Chris McKlarney, county administrator for Giles County, said that the county was informed Monday by an EQT Corp. representative that other routes are being considered.
“However, they explained that the evaluation of additional routes does not necessarily mean that it will shift out of Giles, only that they are evaluating additional routes,” McKlarney said.
Paul Friedman, an employee of the Federal Energy Regulatory Commission, is project manager for the commission for the proposed Mountain Valley Pipeline. Friedman said Monday that he could not confirm that the pipeline route is shifting.
“I’ve heard rumors that they’re looking at numerous alternatives,” Friedman said, noting that FERC encourages interstate energy infrastructure projects to consider alternatives that might have the least environmental impact.
Maury Johnson, whose family has a farm of about 300 acres in Monroe County, West Virginia, said his family ultimately decided to allow a pipeline subcontractor to survey their property so that Johnson could point out springs and other features he would want the pipeline route to avoid. Johnson said Monday that he heard last week that the pipeline route, which could have come within about 500 feet of his house, has shifted and will no longer cross his farm.
Johnson said he believes the pipeline project should be rejected until its builders can provide greater assurances that it can operate safely. He referenced a Jan. 26 explosion of a 20-inch diameter ethane pipeline near Follansbee, West Virginia. According to preliminary findings of the federal Pipeline and Hazardous Materials Safety Administration’s office of pipeline safety, the pipeline’s failure resulted in the release of about 23,901 barrels of liquid ethane.
The agency’s preliminary findings reported that “there was no impact to people or to waterways, though the explosion and resulting fire burned approximately five acres of woodland” damaged the siding of one house roughly 2,000 feet from the rupture location.
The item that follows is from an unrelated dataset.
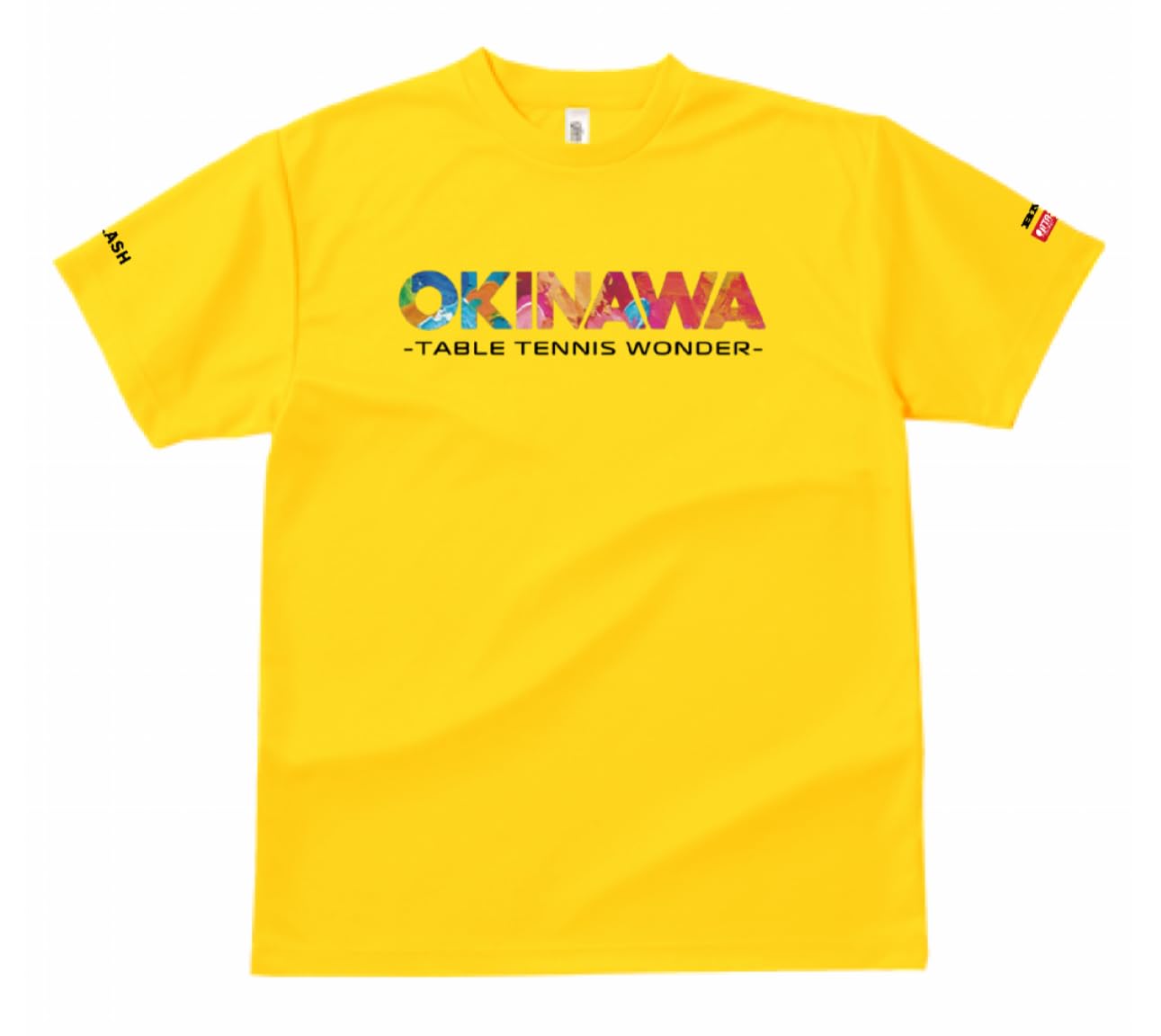 

TSLASH Ishikawa Sports Original Table Tennis Uniform Okinawa JTTA Mark Japan Certified Unisex Match Wear Daisy LL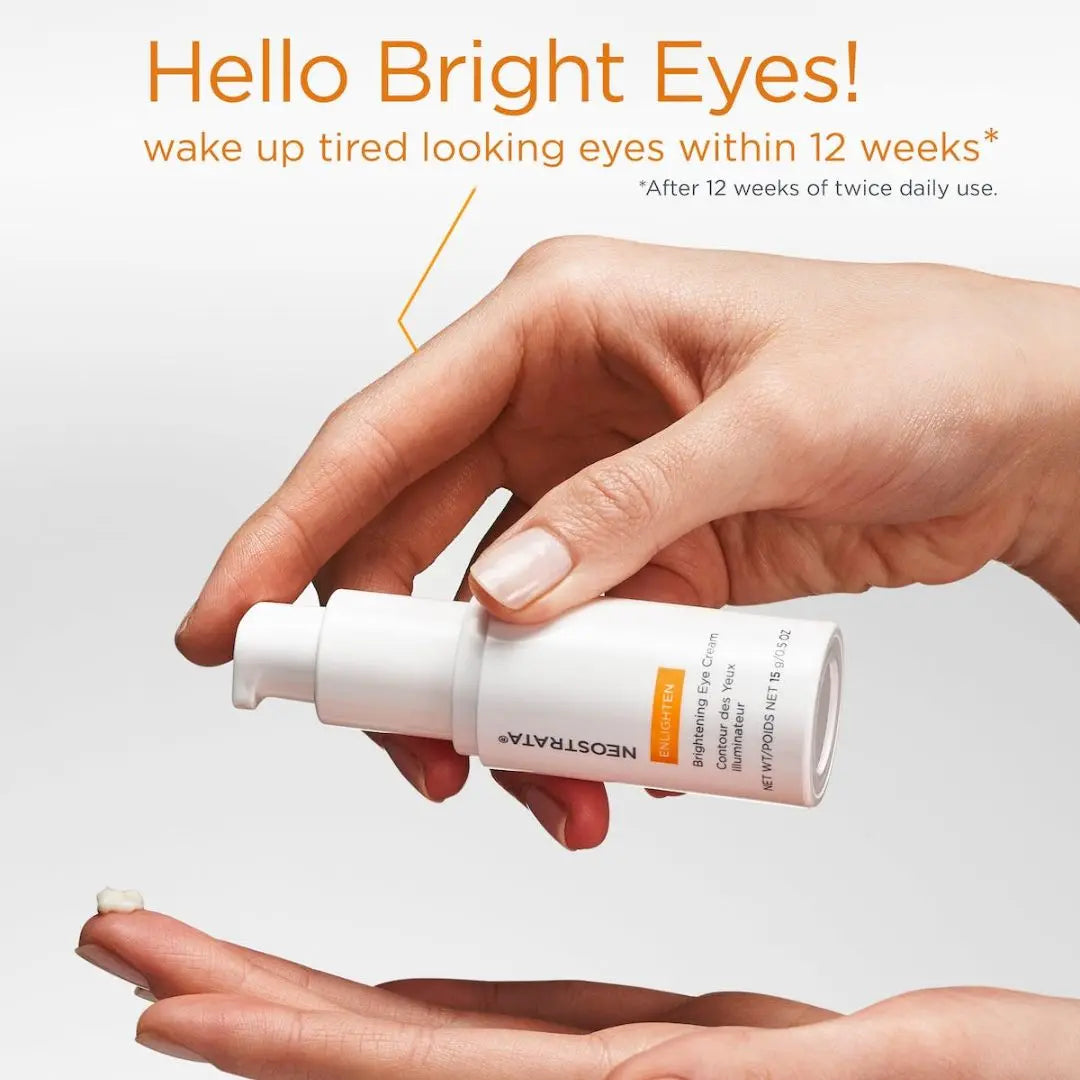 Neostrata Enlighten Brightening Eye Cream 15 g – øyekrem mot mørke ringer og fine linjer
The cause of the failure is being investigated. That pipeline is owned by Texas-based Enterprise Products L.P.
Meanwhile, Johnson said he had heard that one reason the pipeline route might shift is tied to concerns about potential impacts to the Greater Newport Rural Historic District in Giles County.
Cox declined to comment about specific factors driving the consideration of new routes.
The National Register of Historic Places listed the Greater Newport Rural Historic District in 2000. The district’s narrative description reports that it includes about 21,371 acres and covers about 33 square miles. The district includes a host of buildings and structures, including covered bridges and the resort hotel at Mountain Lake.
Cox reiterated that routing the proposed pipeline is a work in progress.
“We will spend the next several months further evaluating the feasibility of these alternative routes, and potentially others, as part of our development of the pipeline,” she said.
Cox said the evaluation will consider topography as well as the potential impact on the environment and historical and cultural resources.
Although the pipeline has propelled regional cooperation among its foes, the project has also found support among people who believe the pipeline could yield a variety of economic benefits.
Mountain Valley Pipeline hopes to file a formal application with FERC in October, seeking the agency’s approval. If FERC ultimately greenlights the project, Mountain Valley will be able to use eminent domain to buy rights-of-way from landowners with whom it has not negotiated a price for the easement.
The company hopes the pipeline will be in service by the fourth quarter of 2018.